While some scientists have disputed the findings, those involved with the study of four Bay Area faults believe there is no doubt that the earth here will one day do the rumba again.
``Is the 67 percent very uncertain? Yes,'' says Allan Lindh, a seismic expert with the USGS in Menlo Park, Calif. ``Is it likely the probability is much lower? No. The weight of the evidence suggests 67 percent is too low.''
TO gird for another quake, the state is putting in a satellite communications system to be used by state and local governments and emergency response teams.
It also is training ``strike'' teams around the state to help with search-and-rescue operations. And lawmakers passed landmark legislation this session mandating earthquake insurance for California homeowners.
Readiness has become a watchword at the local level, too. San Francisco is organizing a series of neighborhood response teams. The city has beefed up its firefighting capacity, installed an emergency communications system, and begun work on a crisis command center set to open in 1991.
But money for such efforts is tight. At a press conference last week, San Francisco Mayor Agnos acknowledged that fiscal woes at all levels of government are having an impact - but he feistily defended the progress the city has made on preparedness.
The Loma Prieta quake also underscored the vulnerability of structures, particularly unreinforced masonry and old concrete buildings. Officials estimate there are 25,000 unreinforced masonry buildings in California.
While some progress is being made in retrofitting them, Fred Turner, an engineer with the state Seismic Safety Commission, says not enough is being done.
More work needs to be done as well on shoring up bridges and roadways. Even before last October's quake, the state had identified 25,000 bridges and highway spans that needed upgrading.
This will be costly. A recent engineering study says needed reinforcements to the approaches and span of the Golden Gate bridge will cost $100 million.
``If the earthquake comes in 10 years, I think we will have enough time to change the outcome,'' says Richard Eisner, director of the Bay Area Regional Earthquake Preparedness Project. ``If it comes in two years, it will be a devastating event.''
WHILE engineers probe the tensile strength of civilization above ground, seismologists are trying to fathom what is going on beneath the surface. The Loma Prieta quake provided both some new clues and maddening mysteries in the quest for the seismological Holy Grail: better earthquake prediction.
The quake showed that scientists are getting better at determining long-term probabilities, over 20 to 30 years.
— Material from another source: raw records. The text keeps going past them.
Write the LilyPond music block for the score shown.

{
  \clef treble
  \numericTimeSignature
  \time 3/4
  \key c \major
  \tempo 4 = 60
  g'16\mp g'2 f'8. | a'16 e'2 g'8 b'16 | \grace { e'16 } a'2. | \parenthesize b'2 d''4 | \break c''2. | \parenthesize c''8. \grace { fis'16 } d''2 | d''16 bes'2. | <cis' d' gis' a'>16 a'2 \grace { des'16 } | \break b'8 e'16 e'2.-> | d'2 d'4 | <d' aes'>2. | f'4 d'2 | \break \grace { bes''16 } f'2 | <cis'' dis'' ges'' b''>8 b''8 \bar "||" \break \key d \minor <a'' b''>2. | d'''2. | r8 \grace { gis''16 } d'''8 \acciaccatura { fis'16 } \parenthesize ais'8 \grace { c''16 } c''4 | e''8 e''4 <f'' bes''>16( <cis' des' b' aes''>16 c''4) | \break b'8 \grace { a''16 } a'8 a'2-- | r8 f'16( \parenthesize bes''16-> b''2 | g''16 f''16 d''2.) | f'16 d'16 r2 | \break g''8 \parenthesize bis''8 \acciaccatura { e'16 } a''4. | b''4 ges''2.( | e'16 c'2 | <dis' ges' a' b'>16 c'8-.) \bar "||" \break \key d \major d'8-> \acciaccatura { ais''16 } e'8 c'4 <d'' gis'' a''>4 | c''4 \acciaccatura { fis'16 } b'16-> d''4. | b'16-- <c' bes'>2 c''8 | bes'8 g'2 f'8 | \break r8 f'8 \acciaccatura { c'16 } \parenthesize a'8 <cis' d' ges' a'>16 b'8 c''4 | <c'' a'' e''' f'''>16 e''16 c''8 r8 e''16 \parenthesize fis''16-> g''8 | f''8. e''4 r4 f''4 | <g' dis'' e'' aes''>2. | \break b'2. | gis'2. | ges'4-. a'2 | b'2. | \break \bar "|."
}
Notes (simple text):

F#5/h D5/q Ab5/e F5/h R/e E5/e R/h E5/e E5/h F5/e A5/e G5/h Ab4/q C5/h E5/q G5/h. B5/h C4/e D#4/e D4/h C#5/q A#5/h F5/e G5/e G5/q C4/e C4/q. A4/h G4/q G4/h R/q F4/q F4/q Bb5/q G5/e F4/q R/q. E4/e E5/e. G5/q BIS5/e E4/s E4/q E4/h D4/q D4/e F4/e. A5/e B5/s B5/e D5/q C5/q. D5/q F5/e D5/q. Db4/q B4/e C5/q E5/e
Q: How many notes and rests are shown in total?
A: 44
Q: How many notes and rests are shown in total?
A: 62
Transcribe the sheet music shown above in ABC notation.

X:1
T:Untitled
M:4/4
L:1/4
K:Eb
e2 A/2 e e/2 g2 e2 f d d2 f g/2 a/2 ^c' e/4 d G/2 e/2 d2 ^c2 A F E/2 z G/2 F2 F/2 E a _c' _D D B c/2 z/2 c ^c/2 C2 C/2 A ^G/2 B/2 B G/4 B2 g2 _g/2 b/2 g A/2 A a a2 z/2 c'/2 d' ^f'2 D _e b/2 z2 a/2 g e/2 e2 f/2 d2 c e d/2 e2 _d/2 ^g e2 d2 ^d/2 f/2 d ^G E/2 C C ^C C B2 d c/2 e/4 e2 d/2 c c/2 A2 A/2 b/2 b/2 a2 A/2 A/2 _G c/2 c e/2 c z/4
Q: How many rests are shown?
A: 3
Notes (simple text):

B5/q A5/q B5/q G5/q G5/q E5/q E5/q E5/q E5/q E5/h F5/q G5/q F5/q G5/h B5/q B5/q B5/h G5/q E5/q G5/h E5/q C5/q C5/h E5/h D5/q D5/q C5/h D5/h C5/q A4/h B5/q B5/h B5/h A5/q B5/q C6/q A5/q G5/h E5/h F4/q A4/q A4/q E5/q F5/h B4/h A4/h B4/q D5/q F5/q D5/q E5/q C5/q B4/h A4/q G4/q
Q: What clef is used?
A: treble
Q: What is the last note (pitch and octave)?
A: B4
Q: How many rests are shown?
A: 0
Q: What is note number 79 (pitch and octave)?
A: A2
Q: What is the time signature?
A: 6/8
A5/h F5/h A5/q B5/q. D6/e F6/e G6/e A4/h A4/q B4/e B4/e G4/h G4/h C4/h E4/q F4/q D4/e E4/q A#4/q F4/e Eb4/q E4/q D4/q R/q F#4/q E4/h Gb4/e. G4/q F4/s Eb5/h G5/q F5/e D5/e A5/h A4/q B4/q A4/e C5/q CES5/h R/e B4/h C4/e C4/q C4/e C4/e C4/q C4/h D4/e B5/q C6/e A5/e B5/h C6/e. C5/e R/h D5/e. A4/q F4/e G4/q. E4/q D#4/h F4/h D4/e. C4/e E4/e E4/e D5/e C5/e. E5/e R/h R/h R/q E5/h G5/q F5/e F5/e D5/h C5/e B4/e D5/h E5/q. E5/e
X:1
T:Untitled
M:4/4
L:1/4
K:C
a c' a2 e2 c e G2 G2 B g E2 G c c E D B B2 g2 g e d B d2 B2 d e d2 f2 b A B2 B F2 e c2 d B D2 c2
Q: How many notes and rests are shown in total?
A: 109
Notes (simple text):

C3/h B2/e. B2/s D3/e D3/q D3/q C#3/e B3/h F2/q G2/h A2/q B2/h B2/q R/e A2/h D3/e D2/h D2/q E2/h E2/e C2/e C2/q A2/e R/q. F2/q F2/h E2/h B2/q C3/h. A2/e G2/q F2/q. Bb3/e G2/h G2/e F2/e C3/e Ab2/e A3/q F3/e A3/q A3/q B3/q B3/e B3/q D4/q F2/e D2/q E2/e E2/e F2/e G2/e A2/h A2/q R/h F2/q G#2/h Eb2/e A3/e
It occurred on a segment of the infamous San Andreas fault recognized as having the greatest chance of any fault zone in the area of producing a 6.5 to 7 magnitude quake.
``It confirmed that the approach we are using to long-term forecasting in California is correct,'' says the USGS's Dr. Lindh.
Short-term prediction remains problematic. There were no immediate seismic or strain precurors to warn of the Loma Prieta quake. Lindh thinks there is a possibility that two magnitude 5 quakes that occurred in the area within 16 months of Loma Prieta may have been foreshocks - and thus advance warnings.
Tantalizing but a bit bizarre is a change in low-frequency radio waves recorded by a Stanford University electrical engineer just before the quake. If it was caused by changes in the earth, it could revolutionize earthquake prediction. But it may have been simply a malfunction of his instruments. Scientists don't know.
Some unusual characteristics displayed by the quake mean the San Andreas - though probably the most studied fault on earth - remains an enigma.
``It has made people rethink the complexity of the San Andreas fault,'' says Bruce Bolt, professor emeritus at the University of California Berkeley. Second of two articles. The first appeared Oct. 16.